Rajni Kothari : N’attribuez-vous pas une certaine homogénéité à tout ? Vous donnez le même caractère à différentes civilisations, différents systèmes religieux, systèmes de la science moderne et systèmes de pensée qui créent des guerres partout dans le monde.

Krishnamurti : Bien sûr, je ne vois aucune différence.

Rajni Kothari : Je n’ai aucune difficulté à voir qu’un être humain est le résultat de tous ces facteurs. Mais donner le même genre de caractère à tout cela sans différenciation, que je ne vois pas.

Krishnamurti : Physiquement, vous êtes plus grand, je suis plus petit ; et psychologiquement, il existe certaines tendances caractéristiques dépendant de cultures différentes, suivant certaines valeurs. A un certain niveau, nous sommes différents. Mais au niveau de ce que nous sommes, je pense qu’il a un point. Que vous viviez dans la jungle amazonienne ou dans une ville moderne, voici une universalité fondamentale de la situation humaine. Mais sûrement en termes de ce que nous avons, que nous ayons l’ordinateur ou la machine à coudre, il y a une différence.

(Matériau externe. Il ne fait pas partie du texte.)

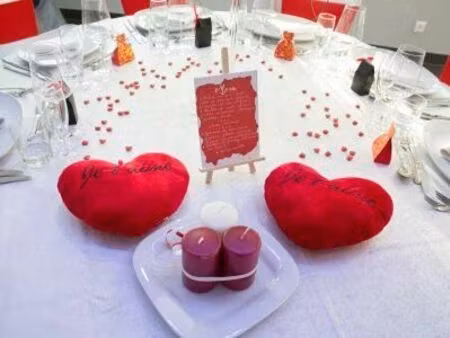 vente commerce 9 pièces 900 m² chessy (77700)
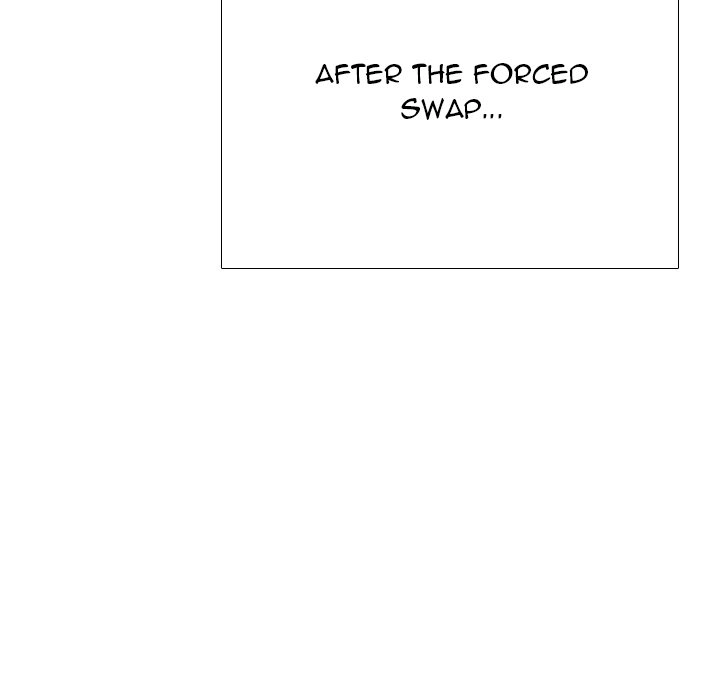 Our Exchange Chapter 197 page 111 - 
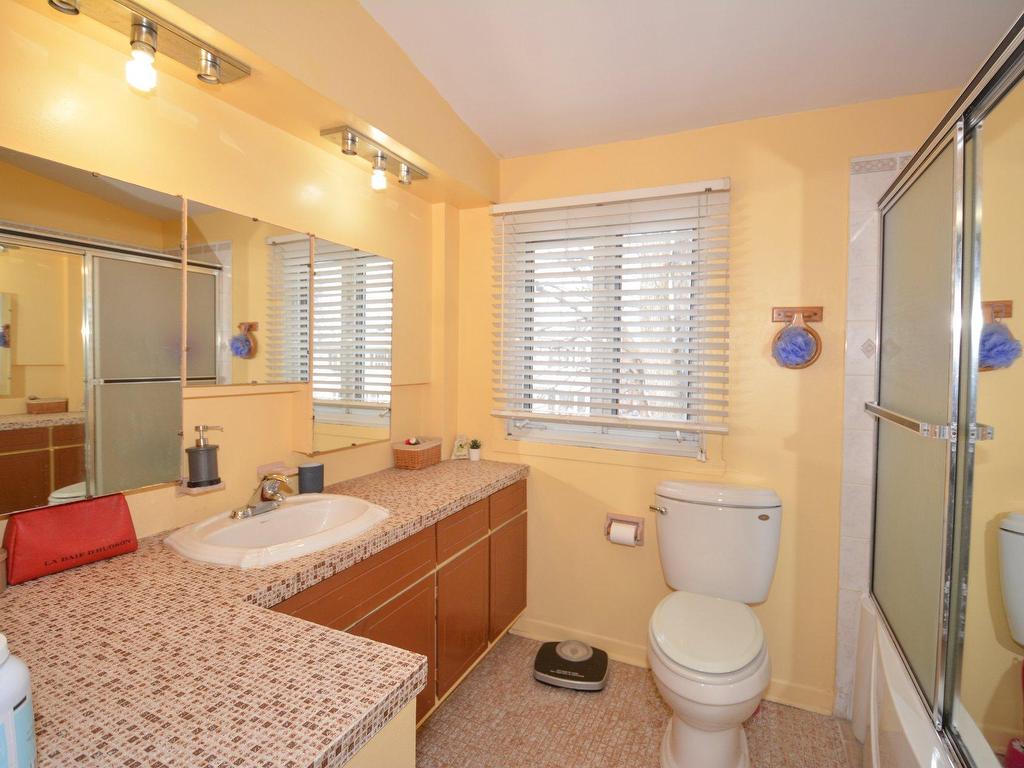 









6330


Rue Fiset

,
Montréal (Montréal-Nord),




QC
H1G2B2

Rajni Kothari : La question n’est pas la différenciation, mais le courant de conscience qui s’est passé dans le passé. Vous parlez en termes de vingt-cinq mille ans. La vision moderne, scientifique, homocentrique de la connaissance et son impact sur la conscience peuvent-ils être mis sur un pied d’égalité avec certains des anciens courants de la conscience ? En d’autres termes, l’expérience et l’accumulation de l’expérience ne nous offrent-elles aucun choix en ce moment de l’histoire, ou sommes-nous condamnés ?

PJ : Tant que nous continuons dans notre conscience connue, son souci du moins mauvais, du moins pire, nous sommes toujours pris dans l’emprise de quelque chose dont nous ne semblons pas pouvoir sortir.

Krishnaji fait allusion à un saut quantique, et nous sommes toujours dans la structure du temps. Peut-être demain nous verrons peut-être clairement, mais pouvons-nous le faire avec les instruments avec lesquels nous voyons le monde, quels sont les instruments que nous avons ? Pouvons-nous arriver à ce point d’où nous voyons ? Sinon, nous tournerons en rond : nous pouvons être meilleurs, plus moraux, moins moraux, moins destructeurs ou plus destructeurs, mais nous serons toujours pris dans ce cadre. Je pense que c’est le problème.

Jai Shankar : Monsieur, je comprends votre angoisse. Mais je ne comprends pas le problème. Si tel est le cas depuis vingt-cinq mille ans sans changement, nous ne pouvons pas revenir à une période ou à un état où les choses seraient plus souhaitables qu’elles ne le sont. Si c’est ce que nous sommes, je ne vois pas comment nous pouvons faire le saut quantique.

Jai Shankar : C’était exactement mon point de vue.

Krishnamurti : Ma question est la suivante: au bout de vingt-cinq mille ans, je suis ce que je suis. Nous le voyons tous. Hitler a laissé son empreinte sur nous ; le Bouddha a aussi ; si Jésus a déjà vécu, il l’a aussi. Le résultat de tout ça est mon conditionnement. Est-il possible d’être totalement inconditionné ? Je dis «oui», il est possible d’être complètement inconditionné.